>>>
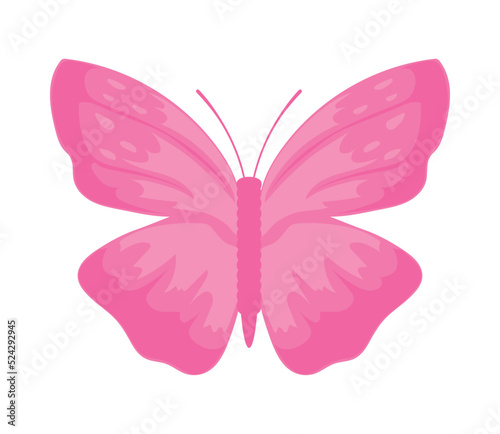 pink butterfly icon © djvstock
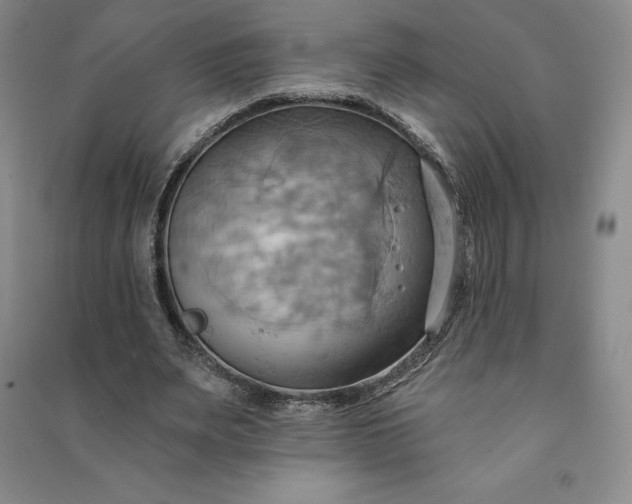 X0000090980487200708161859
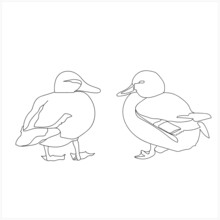Wild Ducks Sketch.Image On White And Colored Background.Pattern.Vector.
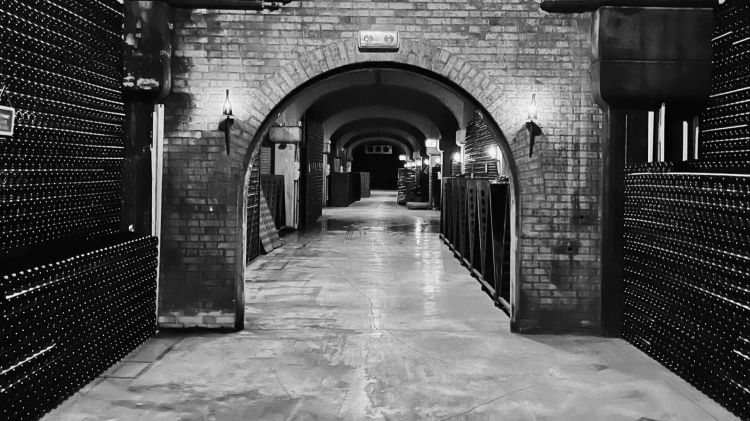 La cantina di Villa Franciacorta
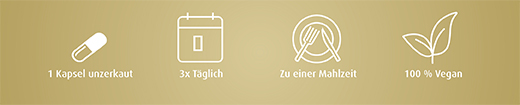 DAMIANA KAPSELN 450 mg 5:1 Blattextrakt, 100 St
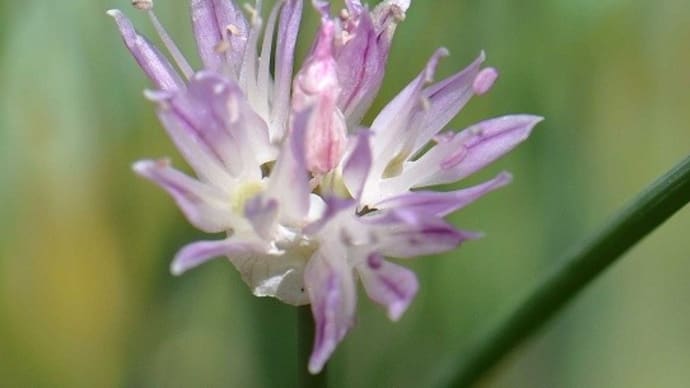 鉢植えの「シロウマアサツキ」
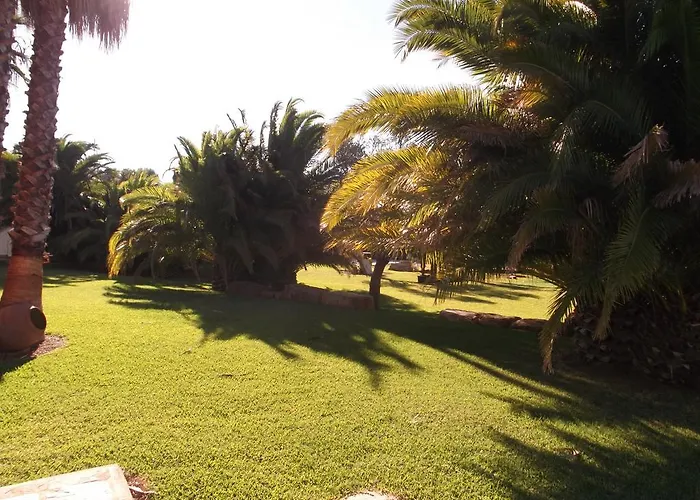 El Olivar De Roche Viejo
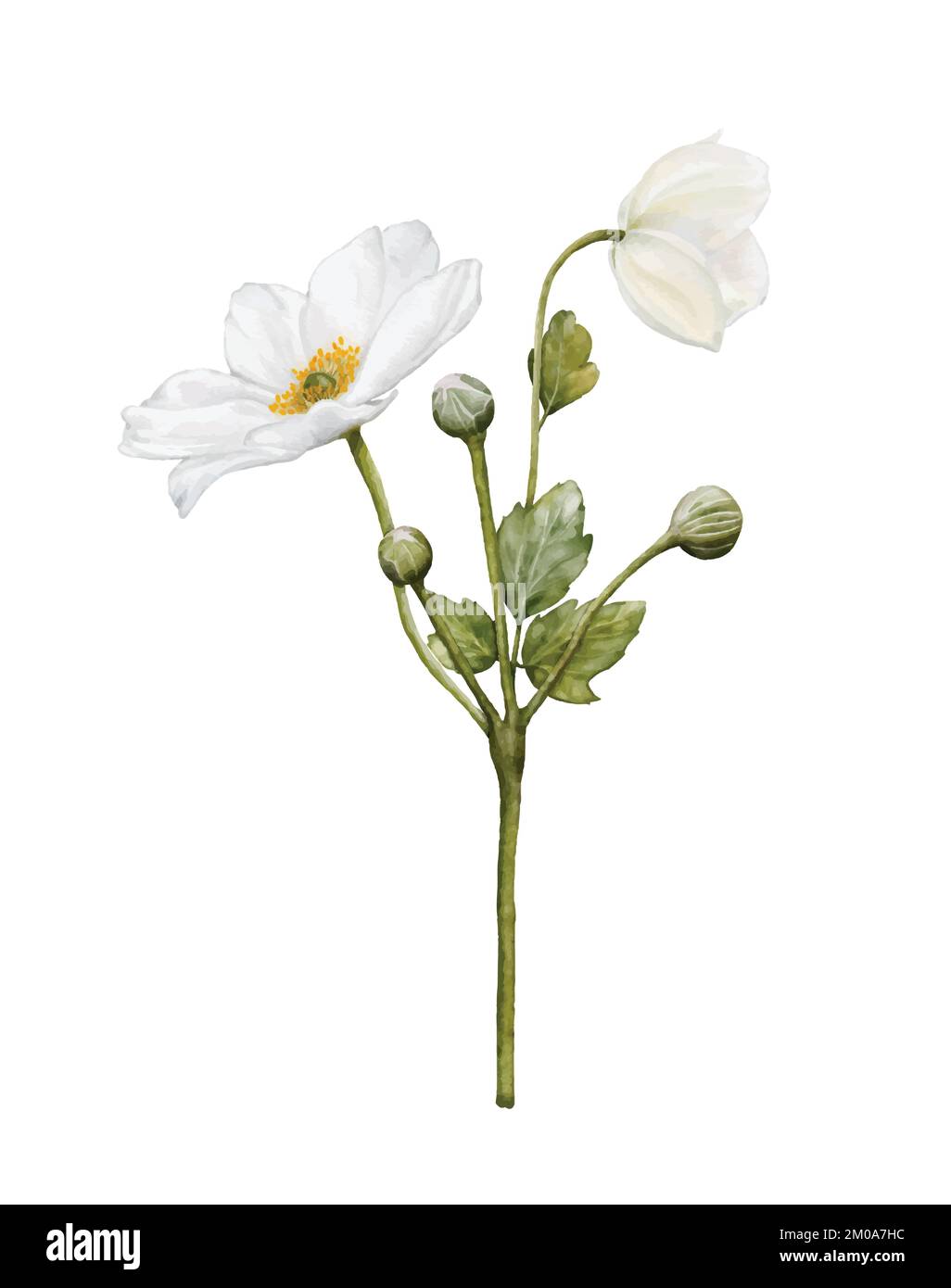 Watercolor white flower blooming. Anemones bouquet illustration isolated on white background. Suitable for decorative winter festivals, spring, weddin Stock Vector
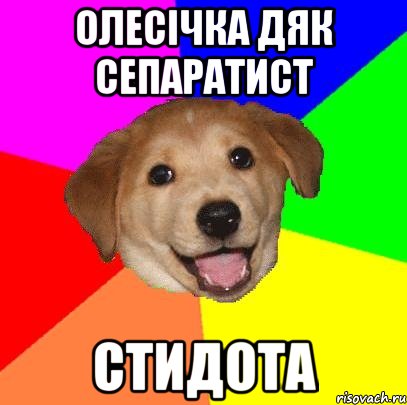 Олесічка Дяк сепаратист СТИДОТА, Мем Advice Dog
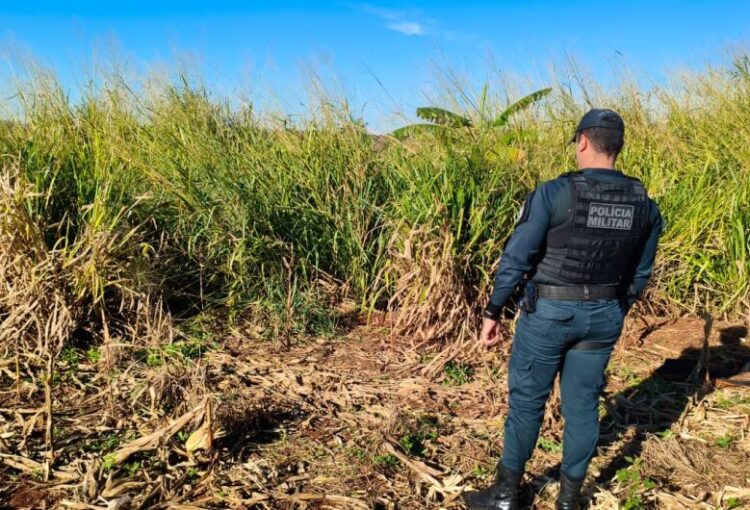 Corpo em decomposição é encontrado ao lado de plantação de milho em Dourados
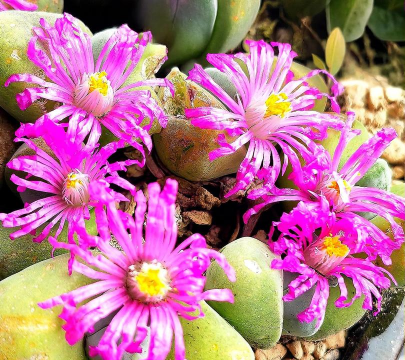 小众送妈妈的花有哪些花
<<<
Task directions >> Quote, please, only the lines running from the one with "鉢植えの「シロウマアサツキ」" down to the final line of the data above, keeping both ends and skipping the pictures.

Output for this exercise >>
 鉢植えの「シロウマアサツキ」
 El Olivar De Roche Viejo
 Watercolor white flower blooming. Anemones bouquet illustration isolated on white background. Suitable for decorative winter festivals, spring, weddin Stock Vector
 Олесічка Дяк сепаратист СТИДОТА, Мем Advice Dog
 Corpo em decomposição é encontrado ao lado de plantação de milho em Dourados
 小众送妈妈的花有哪些花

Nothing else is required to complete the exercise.